Monday, January 14th, 2008

So on my way to the ski resort this morning, my cell phone rang. Normally, I wouldn’t answer the phone while driving (especially on a potentially slippery mountain road), but I was expecting a call from my fellow skier, so I had on my hands-free thingie. As soon as I answered, I knew I’d made a terrible mistake. It was not my friend, Carol. It was the man from the VW dealership talking to me in French.

He kept telling me he was calling about my car and wanted to make an appointment for me to bring it in. Now, I didn’t know which car dealership he was calling from. I only caught that he was calling from blah-blah-blah in Grenoble about my voiture. Now, my car is begging me to take it in for what it calls “service c.” It’s a trip I’ve been putting off until I get back from London next week. As this man is babbling on to me about my voiture and making a rendez-vous, I’m thinking “did my car show up in some computer at the Mercedes dealership and they knew to call me because I’m neglecting to tend to this matter?” About when that stupid thought crossed my mind, the man said “Golf.” Oh… he’s calling about Bill’s car.

I had taken Bill’s car to the dealership in December. When I picked it up, they told me they’d had to order a part for the backup alarm and to come back in a week. I ended up canceling that appointment because it was just too hard without Bill around to take the car to the not-very-close dealership for an entire day. I couldn’t reschedule at the time because their computer was down. Bill and I decided to just not worry about it. This guy isn’t going to let it drop. He told me I had to bring in the car. I told him I cannot do it right now because it’s too hard without Bill here and I could do it in February. February! Oh, no no no! Then he said the magic word: guarantee. Guarantee? Ok, I am sure that Bill backing into something and breaking his sensor is not covered by a guarantee. I am confused but also convinced this is important. I tell him I don’t have my calendar with me (true) and that I’ll have to call him back. Or I said words close enough to that that he understood.

There’s no way I’m calling this guy back. Sounds like a good French lesson tomorrow.

To the Mountain!

Monday, January 14th, 2008

The members of my Monday group French lesson decided that skiing would be more fun than our lesson. So today we went to Chamrousse. Two of us did… the third got sick and stayed home.

After skiing in Switzerland… this was easy. Ok, we just skied the same couple of runs all day, but it was still fun.

It was freezing cold (yes, you’d expect it to be that cold on a mountain covered in snow) and I couldn’t figure out how to close the vent on my helmet. It was only open on one side so just my right ear was cold. My left ear was toasty warm.
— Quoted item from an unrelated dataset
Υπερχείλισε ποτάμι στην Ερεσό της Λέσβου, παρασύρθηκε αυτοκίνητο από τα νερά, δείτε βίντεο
I managed to find my season pass for Chamrousse. Thank goodness it’s getting at least a little use (without Bill around I was afraid it wouldn’t get any use at all). Carol bought the pass that just gets you on one lift… so we took that one lift over and over. Now, to get to it, you have to ride a crazy conveyor belt up a slope. It makes you feel a little like a can of peas slowly going up the mountain. But this morning it wasn’t working. So we had to walk on it… in our skis because if you get on it in just your boots it’s too slippery and you fall. (This I know from experience… just trust me.) We felt less like cans of peas than like mermaids out of water. The one chair lift we could use involves riding another conveyor that moves you into place so that the chair can just swoop up behind you and whisk you away. It times it correctly by releasing you onto the conveyor with little starting gates; to make you feel more like an Olympian than a jar of olives. One time, Carol went through the starting gate before I was ready… she turned around and I hollered not to try to wait for me. But she thought I said to wait for me. Problem is, there’s no getting off that conveyor once you are on. (No, I have not tried that, thank you very much.) She got hit by the chair rocketing toward her, swept onto it, minus one ski. Did the operator stop the thing? No. He just calmly put down his cigarette, picked up her ski and gave it to the people behind me to ferry up to her. The operator at the top tried asking her if she wanted him to stop the lift for her to get off (on one ski) but she didn’t understand his French quickly enough to answer, so he just slowed it down and she hobbled off. We are a little like Lucy and Ethel on the slopes.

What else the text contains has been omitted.